Tension is an emotion.
Making a reader feel tension is, in part, a function of what is happening in the story, and other Fictorians are doing a fine job of covering that. I want to dig down, though. I want to get past plot structure, and characters, and all of the things we usually talk about. Today is not a lesson in simply writing fiction. Today, I want to talk about the words themselves.
Speed is key. Short words mean fast reading. Short sentences mean fast reading. Fast reading means fast thinking. Fast thinking means excitement.

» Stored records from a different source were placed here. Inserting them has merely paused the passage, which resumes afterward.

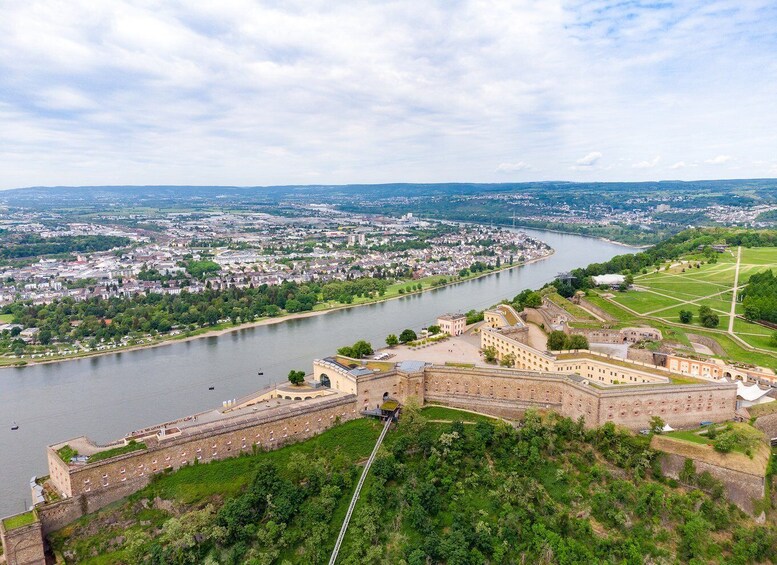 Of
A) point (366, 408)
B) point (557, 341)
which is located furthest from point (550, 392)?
point (366, 408)

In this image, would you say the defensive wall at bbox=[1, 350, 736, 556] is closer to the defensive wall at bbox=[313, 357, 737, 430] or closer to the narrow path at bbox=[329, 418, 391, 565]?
the defensive wall at bbox=[313, 357, 737, 430]

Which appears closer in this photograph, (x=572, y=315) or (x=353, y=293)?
(x=572, y=315)

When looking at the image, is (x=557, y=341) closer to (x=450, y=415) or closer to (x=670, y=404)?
(x=670, y=404)

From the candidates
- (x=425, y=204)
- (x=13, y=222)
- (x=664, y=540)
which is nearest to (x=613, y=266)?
(x=664, y=540)

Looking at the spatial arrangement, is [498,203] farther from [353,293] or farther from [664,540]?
[664,540]

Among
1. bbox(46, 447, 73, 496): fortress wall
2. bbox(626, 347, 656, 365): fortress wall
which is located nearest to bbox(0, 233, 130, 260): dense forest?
bbox(46, 447, 73, 496): fortress wall

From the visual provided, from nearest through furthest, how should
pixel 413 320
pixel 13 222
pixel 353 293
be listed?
pixel 413 320, pixel 353 293, pixel 13 222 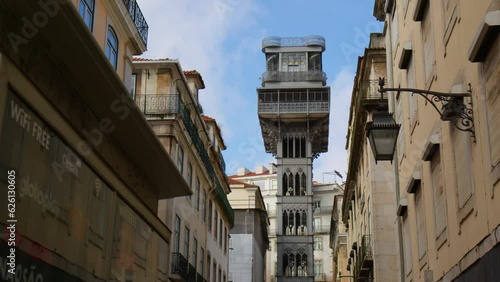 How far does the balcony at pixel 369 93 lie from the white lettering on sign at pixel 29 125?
1940cm

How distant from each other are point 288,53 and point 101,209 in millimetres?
84008

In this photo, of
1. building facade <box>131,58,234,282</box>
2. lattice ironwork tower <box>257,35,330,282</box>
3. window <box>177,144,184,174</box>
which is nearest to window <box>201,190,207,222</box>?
building facade <box>131,58,234,282</box>

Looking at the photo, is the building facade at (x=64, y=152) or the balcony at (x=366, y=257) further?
the balcony at (x=366, y=257)

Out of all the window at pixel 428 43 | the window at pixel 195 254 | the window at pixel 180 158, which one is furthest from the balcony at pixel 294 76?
the window at pixel 428 43

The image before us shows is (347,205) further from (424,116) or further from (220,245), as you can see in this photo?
(424,116)

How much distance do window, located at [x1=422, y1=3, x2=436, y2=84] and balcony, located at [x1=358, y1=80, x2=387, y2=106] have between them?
1368cm

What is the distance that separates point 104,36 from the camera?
19.1 m

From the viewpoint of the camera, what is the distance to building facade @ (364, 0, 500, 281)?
34.6 ft

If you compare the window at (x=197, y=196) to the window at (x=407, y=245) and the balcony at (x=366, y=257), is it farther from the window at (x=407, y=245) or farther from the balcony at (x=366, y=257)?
the window at (x=407, y=245)

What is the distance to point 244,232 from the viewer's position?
59.2m

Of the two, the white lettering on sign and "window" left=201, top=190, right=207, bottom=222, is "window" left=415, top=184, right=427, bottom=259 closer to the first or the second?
the white lettering on sign

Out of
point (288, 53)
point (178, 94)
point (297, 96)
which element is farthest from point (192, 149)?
point (288, 53)

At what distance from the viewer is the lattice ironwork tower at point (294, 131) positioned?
85.6 meters

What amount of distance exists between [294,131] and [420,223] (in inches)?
2942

Extended vocabulary, on the other hand, will tend to result in a slower, more ponderous pace of comprehension. In addition, one can expect that a more complex sentence structure will also result in increased temporal periods for absorption of material. In turn, this style of writing can lead to a more leisurely, intellectual feel for one’s reader.
See what I did there?
Tension is a function of two things: excitement and a lack of resolution. You want to keep your reader on a knife’s edge for a bit? Shorten everything. Boil your words down to the simplest form. Boil your sentences down to subject-verb-direct object structure. Lose as many phrases, clauses, or anything extraneous as you possibly can. Make it so a third-grader could read it. Put in a refrain (see above where its X means Y), because once the brain is on a roll it will simply speed up.
The goal here is not to cut back on the amount of information you’re throwing at the reader. The goal here is to get the reader to absorb the information as quickly as you possibly can. From a writer’s perspective, this can be tough. It’s actually faster for us to write one massive sentence than it is to break that baby up into little chunks. When we’re flowing, we don’t want silly little things like sentence structure to stop us. So when one is writing a tense scene, the knee-jerk reaction is to write longer stuff. Bigger words, longer sentences, and massive, hulking paragraphs.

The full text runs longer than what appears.